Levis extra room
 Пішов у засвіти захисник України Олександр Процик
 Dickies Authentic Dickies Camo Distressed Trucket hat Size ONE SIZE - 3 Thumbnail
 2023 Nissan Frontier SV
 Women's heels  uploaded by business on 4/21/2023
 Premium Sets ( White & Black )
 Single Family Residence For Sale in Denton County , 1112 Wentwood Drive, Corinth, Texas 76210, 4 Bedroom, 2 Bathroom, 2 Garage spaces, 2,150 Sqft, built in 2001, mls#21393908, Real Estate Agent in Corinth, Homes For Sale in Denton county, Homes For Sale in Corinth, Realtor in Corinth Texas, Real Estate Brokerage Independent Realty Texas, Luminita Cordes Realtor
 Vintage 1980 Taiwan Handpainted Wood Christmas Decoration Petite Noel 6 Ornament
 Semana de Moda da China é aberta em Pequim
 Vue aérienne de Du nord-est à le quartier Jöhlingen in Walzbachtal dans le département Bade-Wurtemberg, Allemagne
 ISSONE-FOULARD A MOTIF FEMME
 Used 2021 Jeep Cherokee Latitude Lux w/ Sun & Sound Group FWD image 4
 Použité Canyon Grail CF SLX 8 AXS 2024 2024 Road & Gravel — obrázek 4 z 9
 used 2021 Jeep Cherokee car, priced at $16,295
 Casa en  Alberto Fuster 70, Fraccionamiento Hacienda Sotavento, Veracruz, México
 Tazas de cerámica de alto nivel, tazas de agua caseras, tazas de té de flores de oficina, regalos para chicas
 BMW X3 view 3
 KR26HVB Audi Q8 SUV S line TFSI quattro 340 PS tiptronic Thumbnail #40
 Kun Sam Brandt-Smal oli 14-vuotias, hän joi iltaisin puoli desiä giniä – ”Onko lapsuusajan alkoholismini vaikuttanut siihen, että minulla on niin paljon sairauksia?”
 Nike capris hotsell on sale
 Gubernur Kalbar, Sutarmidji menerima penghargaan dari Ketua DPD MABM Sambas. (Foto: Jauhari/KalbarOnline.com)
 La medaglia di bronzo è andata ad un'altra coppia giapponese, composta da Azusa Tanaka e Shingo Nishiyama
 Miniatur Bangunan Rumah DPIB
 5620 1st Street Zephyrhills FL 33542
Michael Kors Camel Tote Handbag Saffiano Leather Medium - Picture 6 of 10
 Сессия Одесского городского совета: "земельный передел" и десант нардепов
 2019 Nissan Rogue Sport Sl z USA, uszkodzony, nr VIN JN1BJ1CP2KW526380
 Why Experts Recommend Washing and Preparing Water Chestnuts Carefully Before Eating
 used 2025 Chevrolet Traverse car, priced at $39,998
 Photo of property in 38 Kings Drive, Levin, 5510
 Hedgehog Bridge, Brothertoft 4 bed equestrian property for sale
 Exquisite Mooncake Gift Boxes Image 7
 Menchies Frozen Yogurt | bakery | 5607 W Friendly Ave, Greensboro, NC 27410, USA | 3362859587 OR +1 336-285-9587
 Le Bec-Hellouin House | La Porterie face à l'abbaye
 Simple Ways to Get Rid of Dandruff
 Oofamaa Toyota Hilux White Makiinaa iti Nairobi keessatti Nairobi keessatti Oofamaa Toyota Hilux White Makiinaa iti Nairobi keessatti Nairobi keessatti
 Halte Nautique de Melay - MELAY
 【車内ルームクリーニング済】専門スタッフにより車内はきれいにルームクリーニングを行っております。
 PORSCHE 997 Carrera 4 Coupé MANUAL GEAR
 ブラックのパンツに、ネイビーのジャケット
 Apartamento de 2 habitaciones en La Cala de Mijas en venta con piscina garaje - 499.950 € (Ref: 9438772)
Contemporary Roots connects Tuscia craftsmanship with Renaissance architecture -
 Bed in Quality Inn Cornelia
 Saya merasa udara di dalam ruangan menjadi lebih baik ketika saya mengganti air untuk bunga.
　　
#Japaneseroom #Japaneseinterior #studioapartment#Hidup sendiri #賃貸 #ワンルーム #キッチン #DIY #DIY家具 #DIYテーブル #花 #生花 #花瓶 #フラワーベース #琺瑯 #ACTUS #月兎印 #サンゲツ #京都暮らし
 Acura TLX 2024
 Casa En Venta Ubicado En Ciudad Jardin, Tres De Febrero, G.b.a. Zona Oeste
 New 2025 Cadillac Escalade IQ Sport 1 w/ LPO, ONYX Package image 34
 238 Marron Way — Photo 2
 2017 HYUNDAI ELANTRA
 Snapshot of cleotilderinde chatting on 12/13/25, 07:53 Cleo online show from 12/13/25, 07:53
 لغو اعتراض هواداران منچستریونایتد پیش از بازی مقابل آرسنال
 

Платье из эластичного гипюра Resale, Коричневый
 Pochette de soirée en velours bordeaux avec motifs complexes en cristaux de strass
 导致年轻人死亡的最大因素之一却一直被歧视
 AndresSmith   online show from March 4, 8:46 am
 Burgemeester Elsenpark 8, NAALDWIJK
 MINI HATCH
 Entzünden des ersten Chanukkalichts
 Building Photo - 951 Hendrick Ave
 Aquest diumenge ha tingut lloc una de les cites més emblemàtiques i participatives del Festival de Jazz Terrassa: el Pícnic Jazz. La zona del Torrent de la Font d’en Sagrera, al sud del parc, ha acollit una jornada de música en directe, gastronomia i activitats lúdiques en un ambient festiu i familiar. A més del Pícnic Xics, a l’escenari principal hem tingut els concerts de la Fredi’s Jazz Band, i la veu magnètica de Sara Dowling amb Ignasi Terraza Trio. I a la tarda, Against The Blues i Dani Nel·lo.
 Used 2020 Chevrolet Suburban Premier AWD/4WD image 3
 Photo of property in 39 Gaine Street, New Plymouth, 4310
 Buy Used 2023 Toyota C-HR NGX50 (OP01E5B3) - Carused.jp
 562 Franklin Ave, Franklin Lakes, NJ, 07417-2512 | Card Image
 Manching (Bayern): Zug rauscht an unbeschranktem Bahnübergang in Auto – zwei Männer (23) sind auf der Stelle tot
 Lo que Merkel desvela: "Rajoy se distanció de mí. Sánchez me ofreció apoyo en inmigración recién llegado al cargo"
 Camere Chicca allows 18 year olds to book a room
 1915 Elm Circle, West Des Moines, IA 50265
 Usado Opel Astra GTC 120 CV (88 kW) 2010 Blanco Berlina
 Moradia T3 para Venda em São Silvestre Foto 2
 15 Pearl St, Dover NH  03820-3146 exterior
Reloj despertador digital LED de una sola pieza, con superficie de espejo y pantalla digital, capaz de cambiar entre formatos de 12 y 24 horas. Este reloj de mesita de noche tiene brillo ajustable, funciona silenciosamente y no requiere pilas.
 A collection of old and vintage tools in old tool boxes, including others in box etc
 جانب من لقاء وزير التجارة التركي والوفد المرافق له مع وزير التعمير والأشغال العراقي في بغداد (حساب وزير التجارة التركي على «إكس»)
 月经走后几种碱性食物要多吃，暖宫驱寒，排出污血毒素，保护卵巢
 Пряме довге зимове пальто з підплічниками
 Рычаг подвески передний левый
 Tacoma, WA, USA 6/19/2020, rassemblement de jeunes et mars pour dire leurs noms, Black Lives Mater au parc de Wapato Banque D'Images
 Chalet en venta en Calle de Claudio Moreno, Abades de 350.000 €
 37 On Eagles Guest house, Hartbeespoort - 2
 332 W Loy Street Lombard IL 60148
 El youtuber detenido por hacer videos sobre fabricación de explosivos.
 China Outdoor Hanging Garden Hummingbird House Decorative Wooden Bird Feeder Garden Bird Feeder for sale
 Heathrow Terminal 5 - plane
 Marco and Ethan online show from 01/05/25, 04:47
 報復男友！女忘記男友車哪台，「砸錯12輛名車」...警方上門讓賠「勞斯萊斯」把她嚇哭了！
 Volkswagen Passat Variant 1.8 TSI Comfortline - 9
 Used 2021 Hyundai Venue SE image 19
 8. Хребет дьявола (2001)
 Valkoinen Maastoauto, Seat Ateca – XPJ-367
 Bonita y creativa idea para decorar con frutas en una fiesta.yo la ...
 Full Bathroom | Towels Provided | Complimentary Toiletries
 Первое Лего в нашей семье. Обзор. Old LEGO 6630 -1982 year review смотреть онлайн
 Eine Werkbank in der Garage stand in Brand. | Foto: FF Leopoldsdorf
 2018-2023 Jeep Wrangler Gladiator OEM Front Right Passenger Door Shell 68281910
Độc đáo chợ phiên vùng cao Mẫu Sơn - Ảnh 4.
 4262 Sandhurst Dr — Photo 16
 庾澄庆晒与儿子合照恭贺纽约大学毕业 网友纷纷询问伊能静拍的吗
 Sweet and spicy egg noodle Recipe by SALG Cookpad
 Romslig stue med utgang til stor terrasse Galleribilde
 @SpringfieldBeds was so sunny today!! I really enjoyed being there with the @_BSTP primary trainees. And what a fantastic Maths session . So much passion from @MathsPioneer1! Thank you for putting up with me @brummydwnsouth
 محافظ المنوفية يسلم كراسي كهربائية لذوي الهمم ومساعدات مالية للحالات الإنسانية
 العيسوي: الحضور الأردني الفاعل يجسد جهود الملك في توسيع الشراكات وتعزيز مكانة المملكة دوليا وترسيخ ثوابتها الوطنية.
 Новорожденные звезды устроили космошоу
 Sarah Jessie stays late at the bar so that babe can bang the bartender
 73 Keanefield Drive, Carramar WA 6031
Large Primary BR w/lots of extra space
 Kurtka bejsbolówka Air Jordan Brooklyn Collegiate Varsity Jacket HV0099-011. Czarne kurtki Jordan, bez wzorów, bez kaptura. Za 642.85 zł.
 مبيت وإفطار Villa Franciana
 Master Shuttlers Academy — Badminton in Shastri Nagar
------------
Copy each line above that contains the word "Bathroom".

 Single Family Residence For Sale in Denton County , 1112 Wentwood Drive, Corinth, Texas 76210, 4 Bedroom, 2 Bathroom, 2 Garage spaces, 2,150 Sqft, built in 2001, mls#21393908, Real Estate Agent in Corinth, Homes For Sale in Denton county, Homes For Sale in Corinth, Realtor in Corinth Texas, Real Estate Brokerage Independent Realty Texas, Luminita Cordes Realtor
 Full Bathroom | Towels Provided | Complimentary Toiletries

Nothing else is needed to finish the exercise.